This is a false R all around. You two probably need professional help if there is something to save from that train wreck.


----------



## ProvidenceHusband (Aug 9, 2012)

Is it revenge though if we are separated? All of this is intensely confusing and I agree a MC would be the best thing at this point.


----------



## Kasler (Jul 20, 2012)

^ Doesn't matter. Read Shaggy's list as its on point. 

You gave her a field day on sex with other men but shes not ready to call it a day and come inside yet. Her bullsh*t "I don't believe in monogamy" is just an excuse. 

She believes in monogamy, just not with you. She wants to cake eat. She wants to have you for security, taking care of the kids while the OM will supply her with sex and fun and more sex. 

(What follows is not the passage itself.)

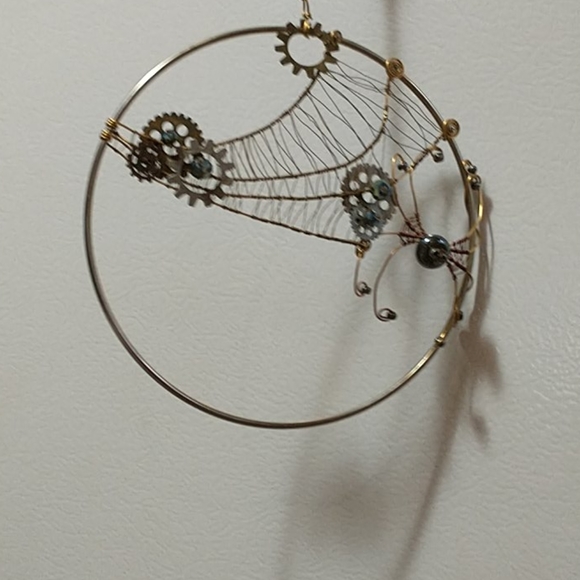 🇨🇦 Steampunk Spider Sun Catcher - Picture 3 of 6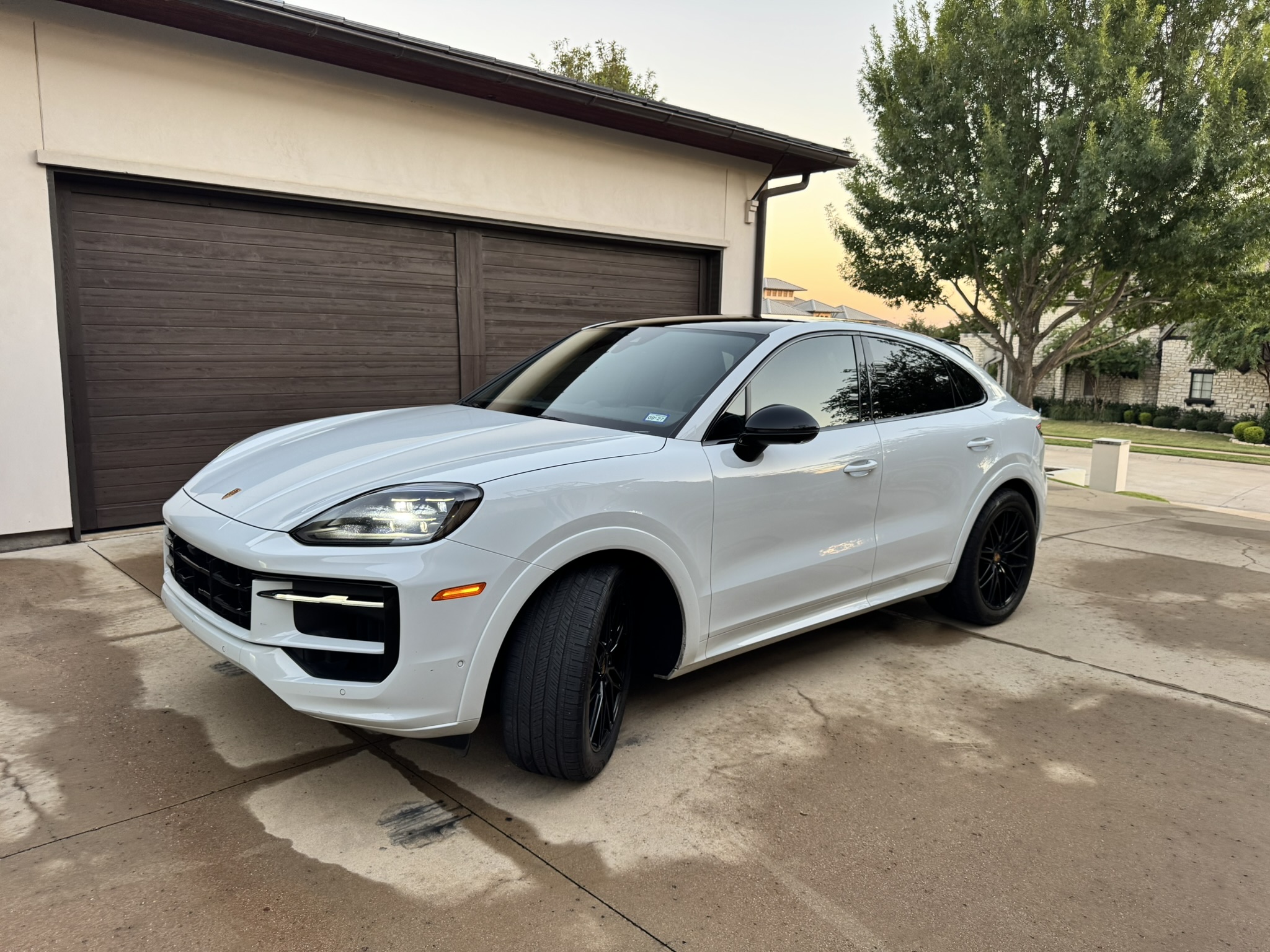 Used 2024 Porsche Cayenne S AWD/4WD image 1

Do you really want to be her room mate? 

To have her come home to your children kissing their cheeks when her lips may have been wrapped around who knows what? The mind movies of her with another man between her legs will emotionally kill you if you have to put up with having a wed locked room mate. Also do you want to raise his children if she gets pregnant by him? It doesn't matter if you aren't the father, if you're married at the time you're going to be the one financially raising it for at least 18 years. 

You can never beat the OM either. With you she has responsibilities, kids, etc but with him its all sex, lovey dovey meetings, and no responsibilities. 

You tell her she gets her as* back in the marriage 100% or she needs to go. 

You having an affair is not justification for this crap.


----------



## aug (Aug 21, 2011)

ProvidenceHusband said:


> Is it revenge though if we are separated? All of this is intensely confusing and I agree a MC would be the best thing at this point.



You're either married or you are not. I dont think there's a time-out in marriage. There's an end to marriage - that's divorce.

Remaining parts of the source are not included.